#53 - Pode um homem casado ler O Senhor dos Anéis?
E a minha retrospectiva literária de 2024
A série “Anéis do Poder”, do Prime Video, é a prova irrefutável daquele antigo adágio teológico:
“Deus não permitiria um mal se dele não pudesse tirar um bem maior.”
E depois de aturar 16 episódios de uma das piores séries já feitas na história, encontrei minha consolação com um desejo que crescia em paralelo à minha raiva:
“Está na hora de reler O Senhor dos Anéis.”
Mas ao mesmo tempo que esse desejo aparecia — talvez como uma tentativa de provar para mim mesmo o quanto eu estava correto e o quanto aquela série não era Tolkien — uma dúvida também se imiscuía em meus pensamentos:
“Será que eu ainda gosto de O Senhor dos Anéis?”
A dúvida não me é descabida porque alguns anos atrás, quando enfim comprei a trilogia em sua última e mais nova tradução, minha leitura foi mais ou menos empolgante, até empacar completamente no fim d’A Sociedade do Anel.
Não consegui ir em frente. Parecia que essa página da minha vida já tinha virado. Que meus dias de leitor de fantasia tinham ficado para trás — e que talvez a única excessão ainda fossem os últimos livros das Crônicas de Gelo e Fogo (sim, já pode começar a rir).

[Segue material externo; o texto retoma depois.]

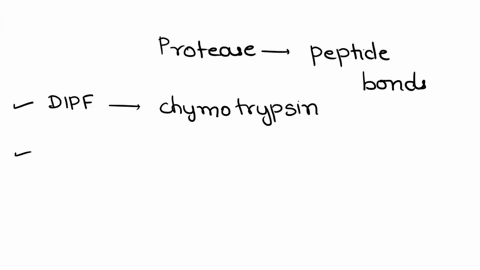 you-have-isolated-a-new-protease-that-cleaves-peptide-bonds-following-asp-and-glu-based-on-its-inactivation-by-dipf-you-suspect-that-it-may-utilize-a-mechanism-similar-to-chymotrypsin-the-di-17834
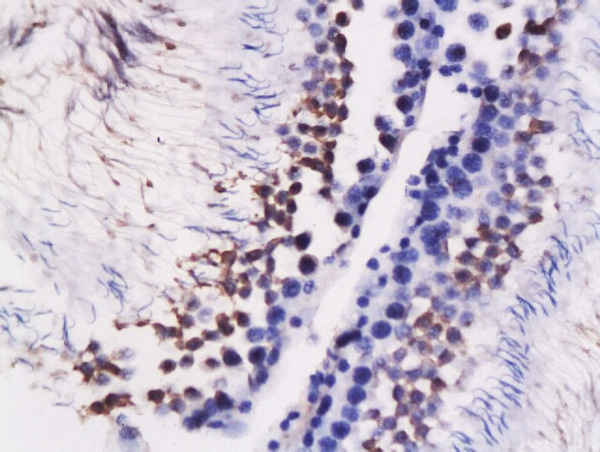 Formalin-fixed and paraffin embedded rat testis labeled with Rabbit Anti-GRP78 Polyclonal Antibody, Unconjugated (bs-1219R) at 1:200 followed by conjugation to the secondary antibody and DAB staining\\n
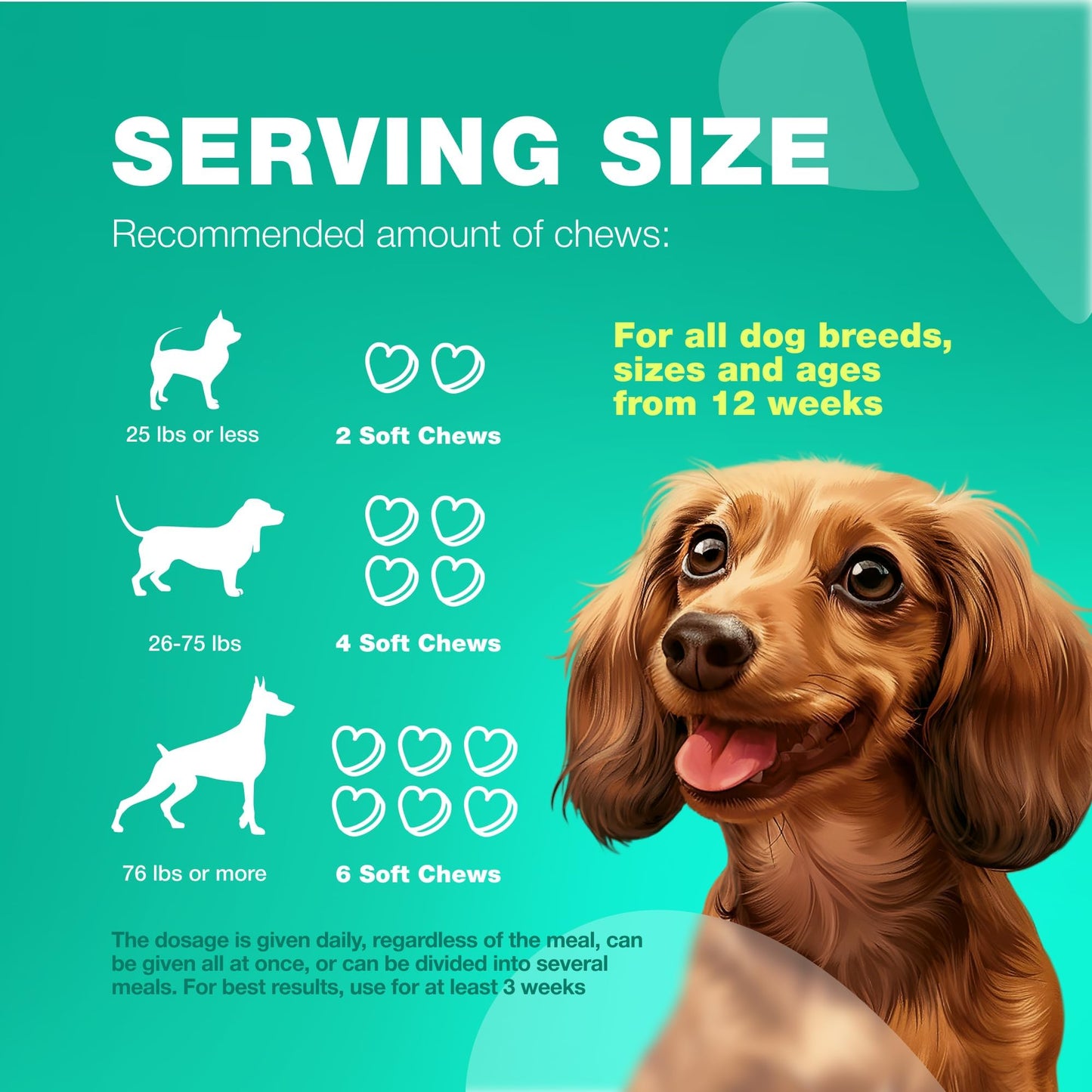 Probiotics for Dogs Gut Health, Digestion, Immunity, Yeast Balance, Itchy Skin, Allergies Support - Dog Probiotic Chews (Travel Pack) with Digestive Enzymes for Gut Flora - Pumpkin and Yeast Powder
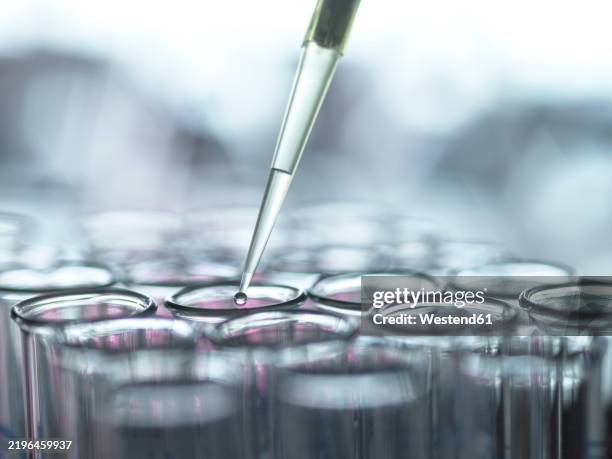 extraction of samples from test tube using pipette in laboratory - equipo de laboratorio fotografías e imágenes de stock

Agora eu lia livros "de adultos”: Milan Kundera, Michel Houellebecq, Emmanuel Carrère, Joan Didion… o tempo dos magos e dragões e espectros tinha ficado para trás.
Foi nesse espírito que abri as páginas de O Senhor dos Anéis. E que bom que o fiz.

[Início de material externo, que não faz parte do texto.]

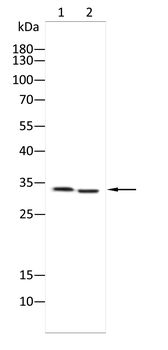 STX17 Antibody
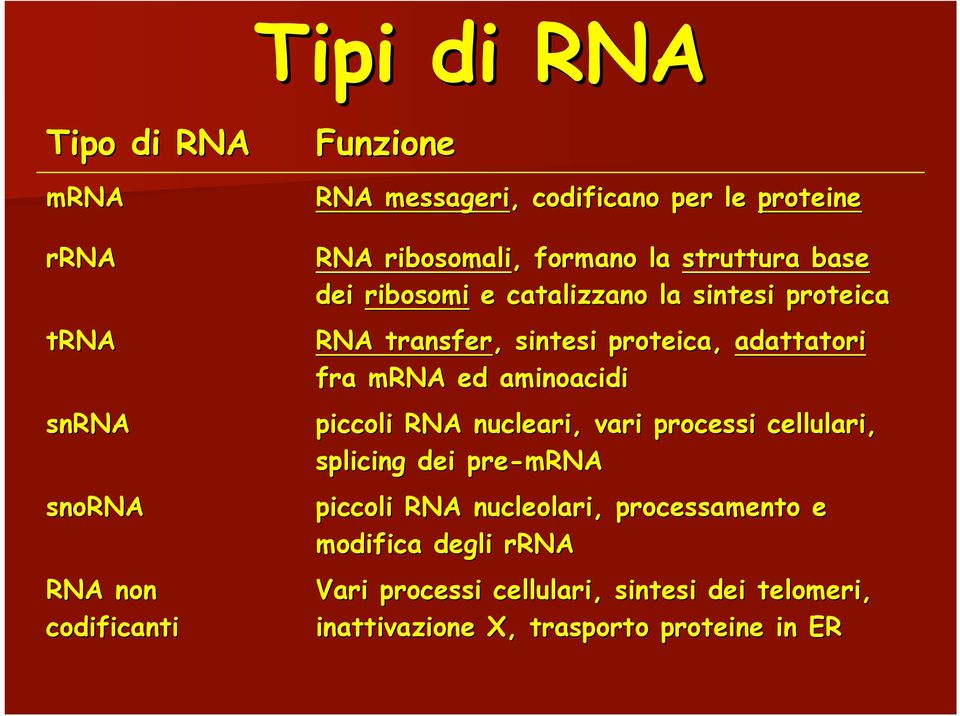 adattatori fra mrna ed aminoacidi piccoli RNA nucleari, vari processi cellulari, splicing dei pre-mrna piccoli RNA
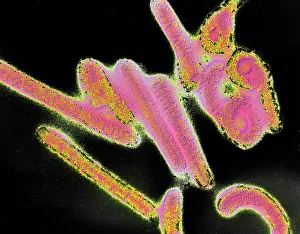 Pathogen Prints: Marburg virus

Terminei os três livros em pouco mais de um mês e foi meu companheiro em todas as manhãs, na hora da leitura antes da primeira cuia de chimarrão.
No auge dos meus 32 anos, casado e (ainda) sem filhos, a obra de Tolkien ainda encontrou espaço em minha vida.
É um livro infantil? Sim, mas é o melhor de todos. E para mim é o suficiente.
Certamente é o meu livro preferido da vida.
Bom, vamos às melhores leituras de 2024:
Não é por menos que Domínio, do historiador Tom Holland, tenha sido a causa de tantas conversões nos últimos anos.
O livro mostra como o pensamento cristão — e aquilo que hoje damos muitas vezes por garantido — foi nada mais que revolucionário.
Talvez seja o livro apologético ideal para uma época desconfiada dos assuntos do alto.
De Kundera, que citei acima, li A Imortalidade, e de Carrère, V13, sobre o julgamento dos atentados em Paris.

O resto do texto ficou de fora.